EXERCISE:
The data below contains pictures, which are to be skipped; the lines starting at the line with "VENTA casa en" and ending at the line with "Superga Classic 2750 Yellow Full Avorio" are to be output exactly, both ends included.
[SUPPLIED MATERIAL — start]
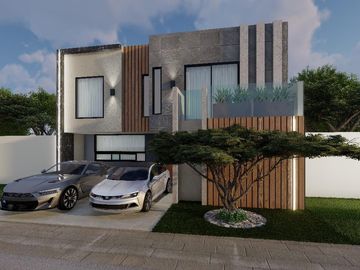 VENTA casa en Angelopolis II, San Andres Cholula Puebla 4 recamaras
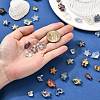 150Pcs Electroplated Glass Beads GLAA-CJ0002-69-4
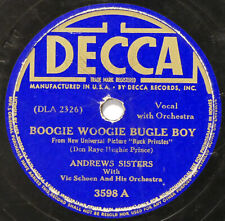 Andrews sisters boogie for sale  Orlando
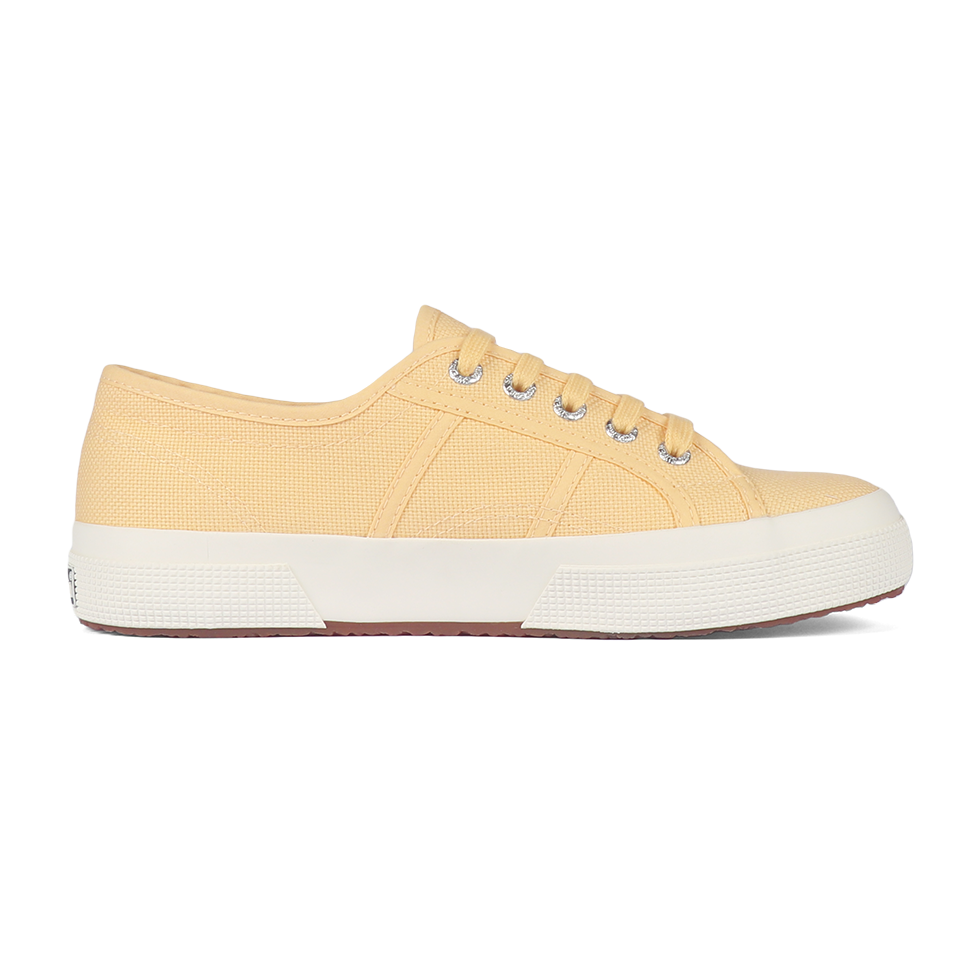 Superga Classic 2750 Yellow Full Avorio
[SUPPLIED MATERIAL — finish]
[SUPPLIED MATERIAL — start]
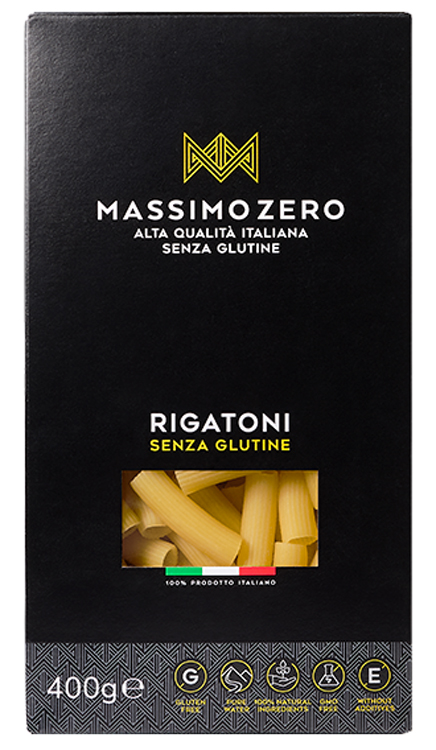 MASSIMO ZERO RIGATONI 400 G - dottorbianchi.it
[SUPPLIED MATERIAL — finish]
SOLVED PROBLEM:
 VENTA casa en Angelopolis II, San Andres Cholula Puebla 4 recamaras
 150Pcs Electroplated Glass Beads GLAA-CJ0002-69-4
 Andrews sisters boogie for sale  Orlando
 Superga Classic 2750 Yellow Full Avorio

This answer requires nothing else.